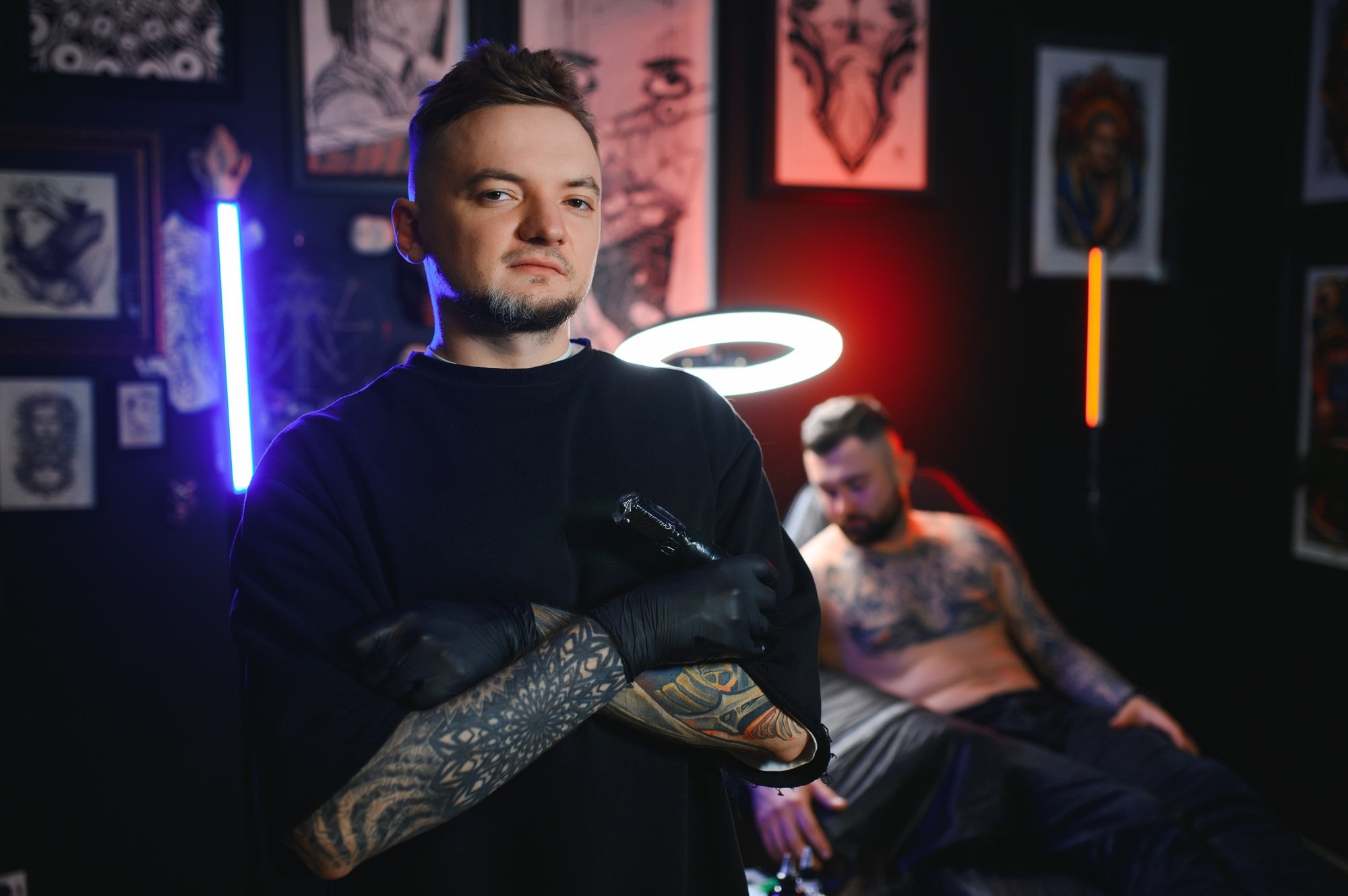 Portrait Of Tattoo Artist Standing Inside Parlor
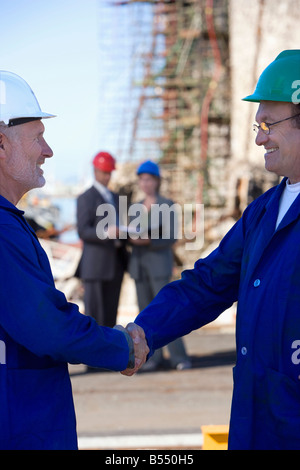 Two construction engineers shaking hands with colleagues standing behind them Stock Photo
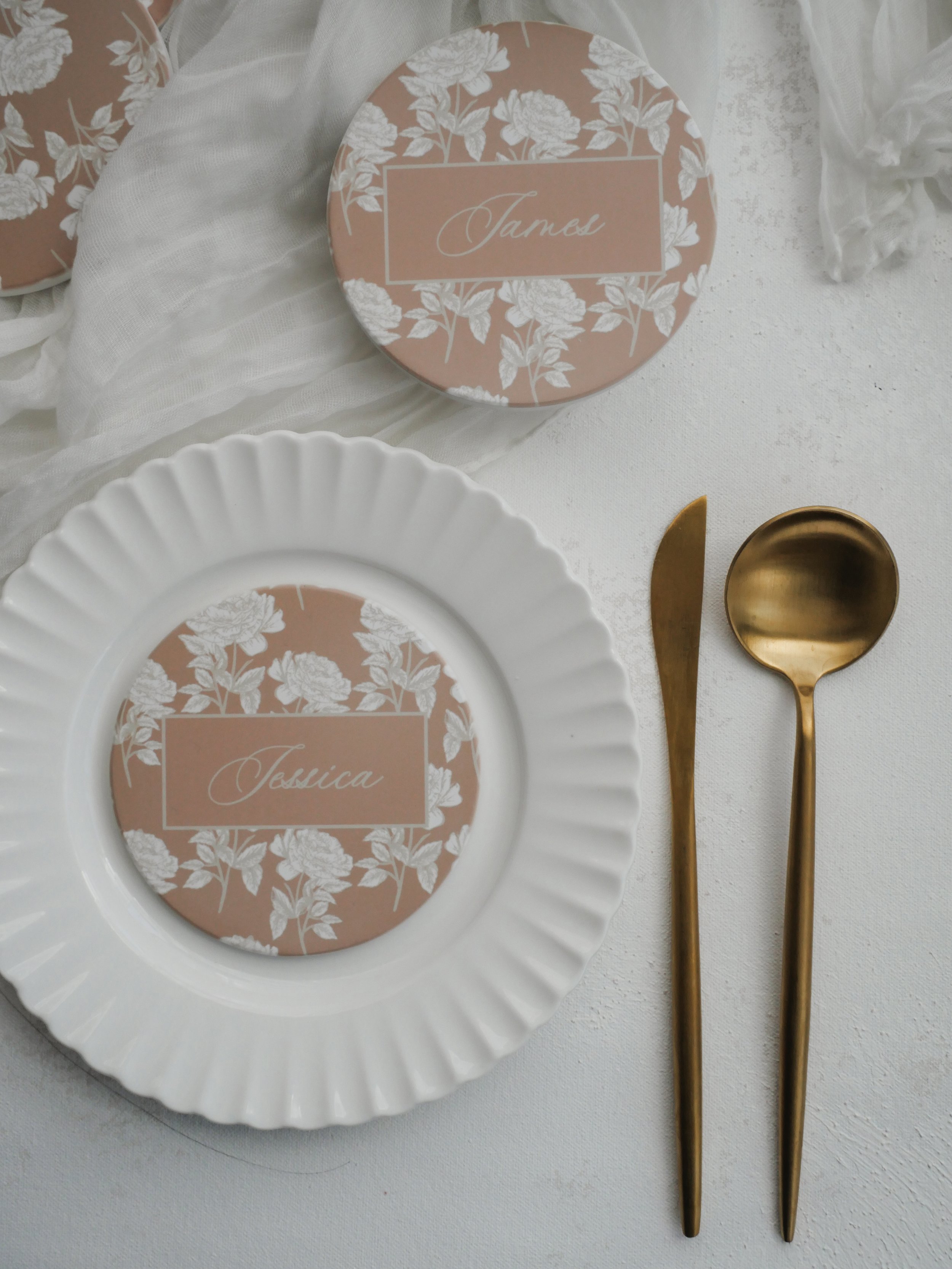 Blushing rose coasters on white plates for wedding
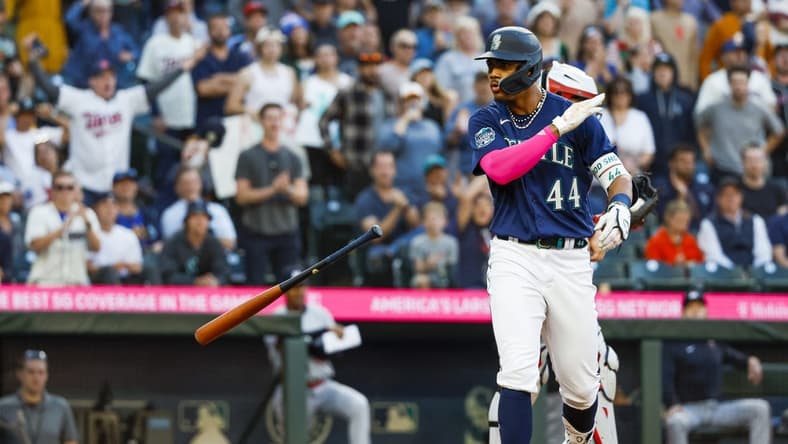 Jul 17, 2023; Seattle, Washington, USA; Seattle Mariners center fielder Julio Rodriguez (44) tosses his bat after drawing an RB-walk against the Minnesota Twins during the fifth inning at T-Mobile Park. Mandatory Credit: Joe Nicholson-USA TODAY Sports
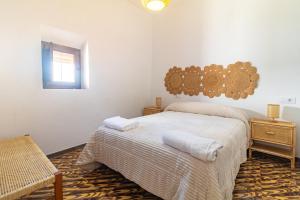 a bedroom with a bed with two towels on it at El Carmen - Villa Rural con Piscina Privada y Patio Andaluz in Ugíjar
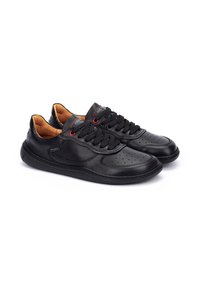 Zapatillas de cuero negro con punta redonda, acentos perforados, ojales rojos en contraste y una suela de goma texturizada. Forro interior marrón.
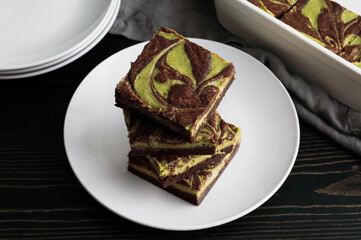 Stacked Matcha Cheesecake Brownies Angled View: Dark chocolate brownies with green tea cream cheese...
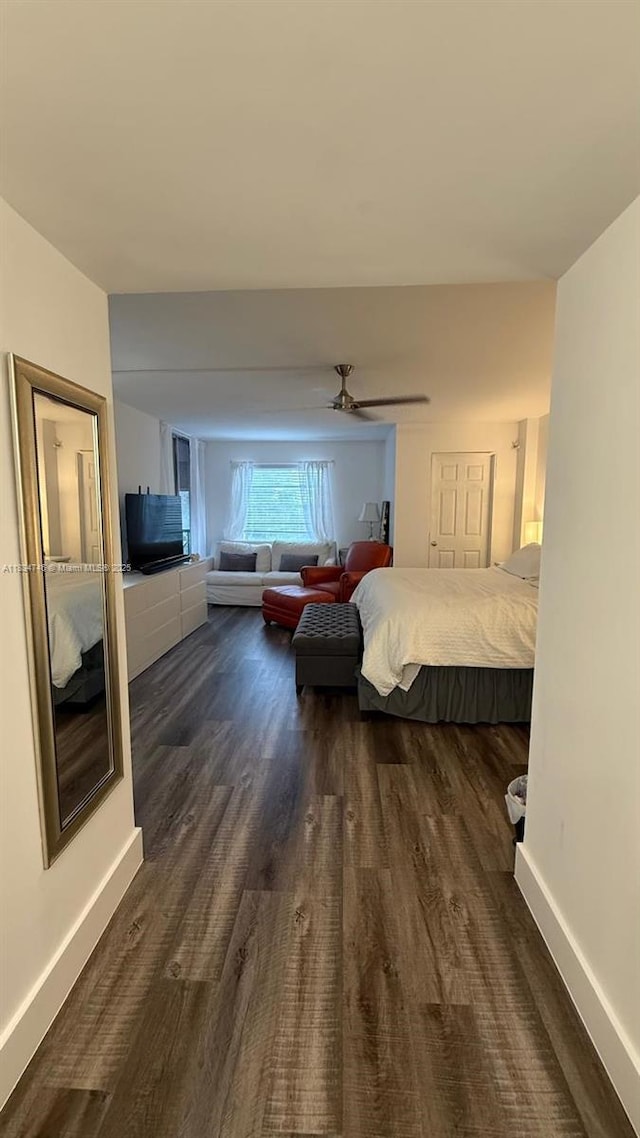 3910 Inverrary Blvd Unit 503-B, Lauderhill, FL 33319 - bedroom with ceiling fan and dark wood-style flooring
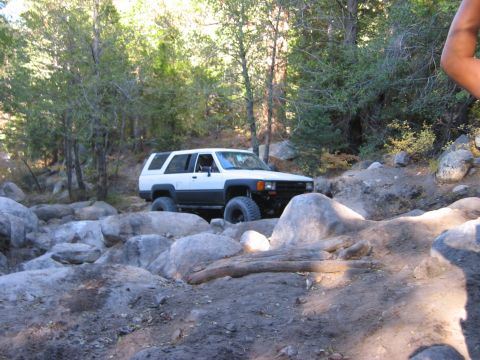 1985 Ford Bronco - This SUV is off-roading on a challenging rocky path.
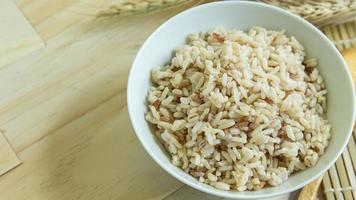 BROWN RICE in white bowl on wood table for health food content. photo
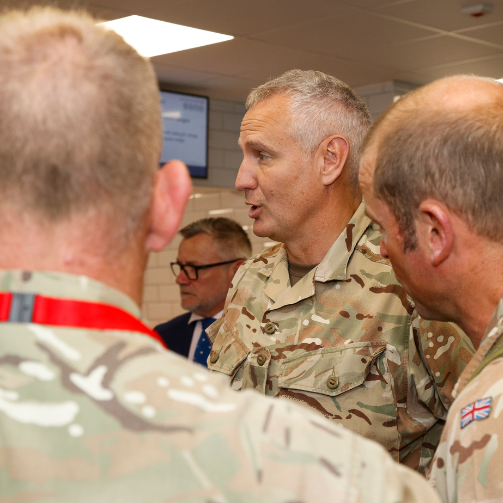 Group of three military talking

___

Your task is to transcribe, exactly and without additions, every line from the one that contains "3910 Inverrary Blvd" to the end of the entries above, both included. Omit all pictures.

Written reply
 3910 Inverrary Blvd Unit 503-B, Lauderhill, FL 33319 - bedroom with ceiling fan and dark wood-style flooring
 1985 Ford Bronco - This SUV is off-roading on a challenging rocky path.
 BROWN RICE in white bowl on wood table for health food content. photo
 Group of three military talking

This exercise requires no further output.